Les superpuissances, les puissances et les alliances entre eux
En essence, une superpuissance impérialiste est un État impérialiste avec une tendance à l’hégémonie mondiale sur le plan économique, politique, et militaire. Sa puissance dans ces trois domaines a une portée mondiale qui bouleverse les puissances impérialistes « normales ». La domination militaire mondiale des États-Unis est un exemple clair de ceci. La France a la capacité de garder une présence militaire semi-permanente dans une grande partie de l’Afrique, mais elle n’a pas les moyens d’entretenir un réseau de bases militaires et de navires à travers le continent ou partout dans le monde comme le font les États-Unis. Les simples puissances impérialistes comme la France ou l’Allemagne doivent exploiter des alliances avec d’autres pays impérialistes en espérant de devenir elles-mêmes des superpuissances impérialistes. C’est la dynamique de la lutte inter-impérialiste en évolution constante vers la guerre mondiale. L’alliance impérialiste européenne, représentée comme «l’Union européenne», est une manifestation de ce phénomène.

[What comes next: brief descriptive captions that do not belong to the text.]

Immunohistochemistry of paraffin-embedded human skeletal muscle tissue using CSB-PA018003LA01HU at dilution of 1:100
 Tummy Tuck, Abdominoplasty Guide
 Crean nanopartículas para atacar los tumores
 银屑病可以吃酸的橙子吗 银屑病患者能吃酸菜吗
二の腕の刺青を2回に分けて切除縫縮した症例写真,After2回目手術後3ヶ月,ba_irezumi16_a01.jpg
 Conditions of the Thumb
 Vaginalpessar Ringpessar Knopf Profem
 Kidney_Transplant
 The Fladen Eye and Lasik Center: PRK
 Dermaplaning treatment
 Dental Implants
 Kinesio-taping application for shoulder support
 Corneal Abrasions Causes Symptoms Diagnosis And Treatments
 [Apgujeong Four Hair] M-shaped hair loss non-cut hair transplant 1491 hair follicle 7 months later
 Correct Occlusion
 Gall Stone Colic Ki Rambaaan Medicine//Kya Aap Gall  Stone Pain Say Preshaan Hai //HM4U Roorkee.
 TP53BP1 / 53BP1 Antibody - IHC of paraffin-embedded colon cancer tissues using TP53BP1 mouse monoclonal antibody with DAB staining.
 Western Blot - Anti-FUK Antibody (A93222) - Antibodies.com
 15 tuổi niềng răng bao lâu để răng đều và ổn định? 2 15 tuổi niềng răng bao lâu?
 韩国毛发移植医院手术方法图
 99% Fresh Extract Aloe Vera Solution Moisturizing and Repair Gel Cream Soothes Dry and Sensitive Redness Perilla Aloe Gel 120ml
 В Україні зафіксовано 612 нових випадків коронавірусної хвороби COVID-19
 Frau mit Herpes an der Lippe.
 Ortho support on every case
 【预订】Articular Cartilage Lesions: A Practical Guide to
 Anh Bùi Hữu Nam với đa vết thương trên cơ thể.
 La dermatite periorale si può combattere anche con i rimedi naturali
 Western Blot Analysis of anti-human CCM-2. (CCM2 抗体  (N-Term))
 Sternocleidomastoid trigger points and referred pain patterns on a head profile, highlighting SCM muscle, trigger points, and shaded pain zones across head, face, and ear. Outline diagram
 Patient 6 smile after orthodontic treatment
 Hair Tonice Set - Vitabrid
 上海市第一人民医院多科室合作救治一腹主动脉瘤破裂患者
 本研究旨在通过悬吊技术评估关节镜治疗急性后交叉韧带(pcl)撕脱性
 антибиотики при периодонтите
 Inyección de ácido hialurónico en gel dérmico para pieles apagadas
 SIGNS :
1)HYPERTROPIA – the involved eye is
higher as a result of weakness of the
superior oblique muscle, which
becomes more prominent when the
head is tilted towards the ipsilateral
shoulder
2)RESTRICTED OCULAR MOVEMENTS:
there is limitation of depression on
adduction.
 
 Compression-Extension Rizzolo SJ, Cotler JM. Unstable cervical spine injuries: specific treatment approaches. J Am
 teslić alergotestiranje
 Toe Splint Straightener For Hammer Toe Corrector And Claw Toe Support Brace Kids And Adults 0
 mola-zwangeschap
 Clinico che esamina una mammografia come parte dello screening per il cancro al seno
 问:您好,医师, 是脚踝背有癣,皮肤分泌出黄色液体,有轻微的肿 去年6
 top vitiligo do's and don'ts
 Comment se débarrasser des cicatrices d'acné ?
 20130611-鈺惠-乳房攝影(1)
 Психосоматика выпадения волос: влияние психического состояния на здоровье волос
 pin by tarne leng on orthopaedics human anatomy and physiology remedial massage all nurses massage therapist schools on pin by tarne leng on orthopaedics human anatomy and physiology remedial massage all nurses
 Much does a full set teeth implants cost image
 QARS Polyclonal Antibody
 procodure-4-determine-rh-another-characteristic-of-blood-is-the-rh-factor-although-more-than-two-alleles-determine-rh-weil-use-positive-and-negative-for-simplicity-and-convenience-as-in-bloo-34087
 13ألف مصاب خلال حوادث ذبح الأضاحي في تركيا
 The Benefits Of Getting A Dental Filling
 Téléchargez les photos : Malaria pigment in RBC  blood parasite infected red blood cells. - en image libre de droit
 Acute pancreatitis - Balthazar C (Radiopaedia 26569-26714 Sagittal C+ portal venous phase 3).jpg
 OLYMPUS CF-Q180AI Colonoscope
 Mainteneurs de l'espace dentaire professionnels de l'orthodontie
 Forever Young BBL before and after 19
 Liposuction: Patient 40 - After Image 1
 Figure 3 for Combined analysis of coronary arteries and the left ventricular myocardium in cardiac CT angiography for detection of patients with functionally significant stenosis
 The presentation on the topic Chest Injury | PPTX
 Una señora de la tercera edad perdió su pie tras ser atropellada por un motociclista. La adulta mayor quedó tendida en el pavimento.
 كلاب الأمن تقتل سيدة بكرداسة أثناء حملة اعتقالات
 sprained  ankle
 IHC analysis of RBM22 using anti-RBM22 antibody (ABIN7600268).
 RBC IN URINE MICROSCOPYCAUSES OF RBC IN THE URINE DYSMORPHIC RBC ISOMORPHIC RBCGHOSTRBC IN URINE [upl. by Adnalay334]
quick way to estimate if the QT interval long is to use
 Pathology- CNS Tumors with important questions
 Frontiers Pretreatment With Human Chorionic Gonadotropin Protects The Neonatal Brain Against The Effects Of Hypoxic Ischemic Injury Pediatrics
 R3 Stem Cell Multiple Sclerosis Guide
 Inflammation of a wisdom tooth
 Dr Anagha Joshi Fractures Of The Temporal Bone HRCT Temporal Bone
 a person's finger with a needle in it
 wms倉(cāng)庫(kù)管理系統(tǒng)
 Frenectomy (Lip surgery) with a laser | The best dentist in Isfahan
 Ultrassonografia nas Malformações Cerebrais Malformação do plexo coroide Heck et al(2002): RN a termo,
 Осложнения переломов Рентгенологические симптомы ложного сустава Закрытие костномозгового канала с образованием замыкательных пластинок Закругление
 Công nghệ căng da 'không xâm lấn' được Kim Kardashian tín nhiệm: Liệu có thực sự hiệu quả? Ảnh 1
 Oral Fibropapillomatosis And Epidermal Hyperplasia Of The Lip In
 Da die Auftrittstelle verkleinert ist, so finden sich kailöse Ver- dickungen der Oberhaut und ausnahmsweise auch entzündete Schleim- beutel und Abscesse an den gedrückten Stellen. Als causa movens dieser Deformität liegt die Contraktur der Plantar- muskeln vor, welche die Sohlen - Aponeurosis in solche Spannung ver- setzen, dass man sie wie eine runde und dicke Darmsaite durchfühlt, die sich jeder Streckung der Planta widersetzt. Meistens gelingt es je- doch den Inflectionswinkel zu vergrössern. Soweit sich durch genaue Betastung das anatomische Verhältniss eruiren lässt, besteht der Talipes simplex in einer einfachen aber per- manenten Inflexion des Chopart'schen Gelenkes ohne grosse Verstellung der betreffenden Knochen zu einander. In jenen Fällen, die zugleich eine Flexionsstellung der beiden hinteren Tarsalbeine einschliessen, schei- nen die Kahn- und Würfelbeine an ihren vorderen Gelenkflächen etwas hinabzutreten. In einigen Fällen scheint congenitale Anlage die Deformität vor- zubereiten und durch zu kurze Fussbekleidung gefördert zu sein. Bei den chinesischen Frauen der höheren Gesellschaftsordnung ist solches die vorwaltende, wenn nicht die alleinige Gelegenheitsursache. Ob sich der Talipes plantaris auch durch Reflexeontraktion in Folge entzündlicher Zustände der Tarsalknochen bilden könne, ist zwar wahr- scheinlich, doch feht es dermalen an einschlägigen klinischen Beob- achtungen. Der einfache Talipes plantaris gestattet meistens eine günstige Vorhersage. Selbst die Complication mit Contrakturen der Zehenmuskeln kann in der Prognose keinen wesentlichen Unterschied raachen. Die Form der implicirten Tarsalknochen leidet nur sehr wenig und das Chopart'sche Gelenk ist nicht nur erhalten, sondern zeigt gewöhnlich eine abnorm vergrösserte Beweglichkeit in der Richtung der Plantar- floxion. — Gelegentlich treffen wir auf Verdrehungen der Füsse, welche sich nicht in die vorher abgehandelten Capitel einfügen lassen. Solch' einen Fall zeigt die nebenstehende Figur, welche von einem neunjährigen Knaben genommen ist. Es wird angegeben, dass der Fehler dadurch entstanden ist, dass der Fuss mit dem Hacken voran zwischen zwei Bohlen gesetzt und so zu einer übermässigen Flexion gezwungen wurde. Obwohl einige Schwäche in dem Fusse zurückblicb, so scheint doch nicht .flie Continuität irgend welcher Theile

Les États impérialistes relativement petits comme en Europe sont également désavantagés par rapport aux grands pays impérialistes comme les États-Unis, la Chine ou la Russie. Les grands pays avec leurs vastes territoires bénéficient d’une importance géopolitique majeure, d’une domination des réseaux logistiques et d’énormes réserves de ressources stratégiques. Leurs grandes populations produisent un large prolétariat hautement productif formant une force de travail très efficace pour les monopoles grâce au haut niveau de développement technologique. De plus, la supériorité numérique permet de mobiliser beaucoup de chair à canon pour les guerres impérialistes. Il ne faut pas être un grand pays pour être une superpuissance impérialiste, mais cela aide beaucoup. Il est encore plus difficile pour un petit pays impérialiste de devenir une superpuissance impérialiste dans l’ombre d’une ou de plusieurs superpuissances impérialistes. Quoique l’Allemagne s’est établie en tant qu’une sorte de « mini-superpuissance » strictement à l’échelle européenne, l’impérialisme allemand n’a toujours pas les ressources financières, le réseau international, ni la puissance militaire pour devenir une vraie superpuissance impérialiste mondiale. Le territoire allemand est beaucoup plus petit que celui de la France et a depuis longtemps épuisé ses ressources naturelles, à l’exception des réserves inefficaces et non rentables comme le lignite. Bien que la population de l’Allemagne soit la plus grande en Europe (excluant la Russie), elle est aujourd’hui en crise démographique avec un âge médian approchant 50 ans. Par rapport à sa capacité militaire, même la France est beaucoup plus développée. Afin de dépasser ces limites, l’Allemagne s’engage dans la lutte inter-impérialiste à la tête de l’alliance impérialiste européenne, cherchant à l’utiliser comme moyen de devenir la prochaine superpuissance impérialiste. Afin de réaliser ce but, le programme de l’impérialisme allemand au sein de l’alliance est simple : plus « d’intégration européenne ».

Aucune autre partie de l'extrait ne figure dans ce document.